Our furthest local yard is about 35 miles away but there are other yards on the route to make the circuit more cost effective. We recently acquired 400 colonies 3 hours away and we will be incorporating them into our local operation: it IS too far. Maybe with 100 you could tend to them on a daily trip down and back but 400 has taken overnight trips. The yard and the forage would have to be exceptional to make up for the travel time and expense, for us to consider having a year round yard that far away, although I have heard some do. If that is how far you_ need_ to go for forage, well, _that_ is the determining factor, right? Moving them in and then out of a more distant yard for a specific honey flow is common and necessary in many areas.
Sheri


----------



## Tom G. Laury (May 24, 2008)

When crop prospects are good it is common in California to move bees hundreds of miles. These moves are usually done with bobtail trucks at night. But these same locations may go for years without enough rain to even consider going, so it isn't like you're running over there all the time, just an option in the right conditions.
For every year spots, not much more than 50 miles. When I was younger I didn't mind driving further.


----------



## sqkcrk (Dec 10, 2005)

Currently my farthest yard is about 45 miles away. Next year my farthest yards will be about 90 miles away. Friends of mine in NY have yards that are much farther away from their home base then that. That's what motels and trucks w/ bunks are for.

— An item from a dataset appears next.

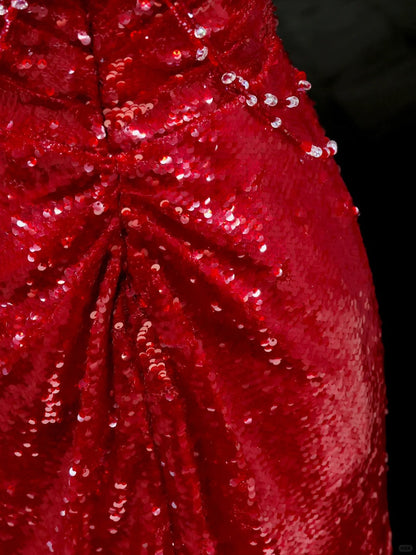 formaldressy-Red sexy suspenders elegant long sequined prom dress evening dress party dress gh5123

Having inspected colonies in Westchester County, I can imagine that it might be hard to find enough individual locations to keep 100 hives. But I would look around and try to find them. 

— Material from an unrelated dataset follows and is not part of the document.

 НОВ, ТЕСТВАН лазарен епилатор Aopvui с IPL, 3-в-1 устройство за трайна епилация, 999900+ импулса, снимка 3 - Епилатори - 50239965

If you are only running 100 colonies, driving that far to work them, unless that's what you like to do on your weekends as recreation, is going to prove expensive and time consuming. 

I'm not you, but if I drove 2.5 hours away from home and spent the day working 100 colonies and then drove 2.5 hours back home, especially in the kind of traffic you are going to have, it might get tiresome. But that will be what I am doing next year I guess. But I will probably spend the night somewhere. Unless I can get my help to drive.

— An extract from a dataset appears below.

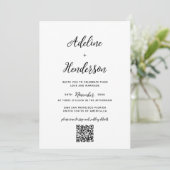 Invitation Mariage de code QR simple Script classique (Debout devant)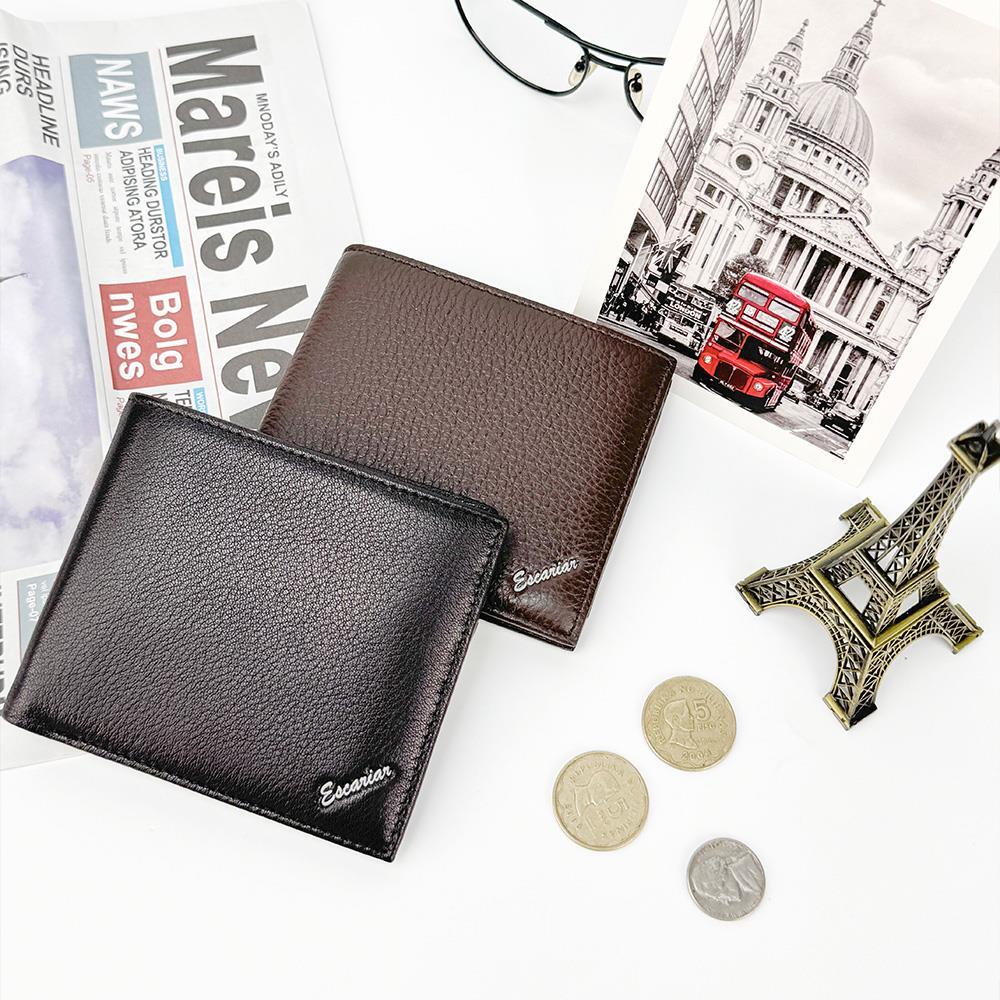Hem Men's Plain Leather Mini Card Wallet Metal Logo Ring Wallet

So what part of the Catskills are you going to? I have a beekeeping friend who lives in the Catskills. If you got to know him, perhaps you could help each other out sometimes.


----------



## Trevor Mansell (Jan 16, 2005)

It all depends on weather or not you can make the same honey closer to home. Right now Im taking my bees about 90 miles one way for the Brazilian pepper.Sure, there is some around the house but it produces more honey on the coast so thats where I go. You have to decide wether or not you can produce the same honey closer to home.


----------



## alpha6 (May 12, 2008)

Do a quick cost analysis. If your time isn't a factor then just figure fuel costs against what you "could" make from the honey production. That would give you a decent place to start. We run multiple yards more then 100 miles away but they are in a circuit so we hit about five a day. It still works out to about 3.5 hrs driving time...which eats into your labor costs as well as your fuel. For one yard I doubt we would run it.


----------



## DRUR (May 24, 2009)

I am currently trying to develope future bee yards. Intend to build up to about 200 colonies. I try to pick remote areas within about 25 miles. I pay for seed and planting of clovers, adjacent to wooded areas. I pick yards where I can run about 40 colonies, and where I can plant at least 3 types of clover. I pay for the initial planting with agreements for pasture management so the clovers can reseed on their own. White dutch (blooms in March), crimson (blooms in April), hairy vetch (end of April to early May, and Hubam (middle of May thru early June). Will also test ball clover, as I have read that it produces good, but most I have spoken to have not had good nectar flows from this clover. I figure it is better to pay for seed for close locations than to have spend for fuel and travel longer distances. 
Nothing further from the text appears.